Speaking at the ceremony in Accra, Principal Programme Officer at the Ministry of Gender, Children and Social Protection, Vera Karikari Bediako said gender equality serves as a catalyst to the sustenance of peace and stability hence the launch of the programme.
The launch brought together 35 women across different regions in the country made up of entrepreneurs, farmers and queen mothers among others earmarked to receive training under the Women Peace and Security project.
The goal is to improve the participation and representation of women in peace processes at all levels in Ghana.
The Principal Programme Officer at the Department of Gender, Children and Social Protection, Vera Karikari Bediako called for equal participation of women in key decision making processes for accelerated development.
“It has been said that gender equality is the number one predictor of peace, more so than level of democracy or religious identity. Therefore, improving the participation and representation of women in peace processes at all levels in Ghana is the way to go in achieving sustainable development.

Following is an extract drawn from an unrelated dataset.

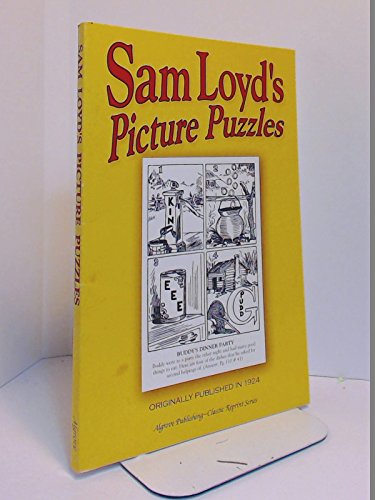 Sam Loyd's Picture Puzzles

Promoting gender equality and women’s human rights requires recognizing and transforming social, political and economic structures for human security and peace for all” she stated.
Acting Executive Director of FOSDA, Theodora Anti called on Parliament and other relevant stakeholders to expedite action on the Affirmative Action Bill to halt the wanton discrimination against women.
“There have been successes but definitely not enough to take us to where we want to go. We are using this platform to call for more women and advocate for the affirmative action bill to be expedited. A Lot of work has been done around affirmative action but we are not seeing much progress. We call on parliament and all hands on deck approach so that the bill can be passed as soon as possible” she stated.
Executive Secretary of the Peace Council, George Amoh, charged women to involve men in efforts towards the fight against gender-based violence and its related issues as it is a collective responsibility.
“I just want to encourage our women to partner with the men to ensure we have improved security and peace in this country. There are a lot of insurgents around us who are trying to disturb the peace of this country. We all must be security conscious to build a collective resilience’’, Mr Amoh stated.
The FOSDA Women Peace and Security project titled “enhancing the technical experts of women Peace Builders in Ghana has a Canadian Fund for local initiatives.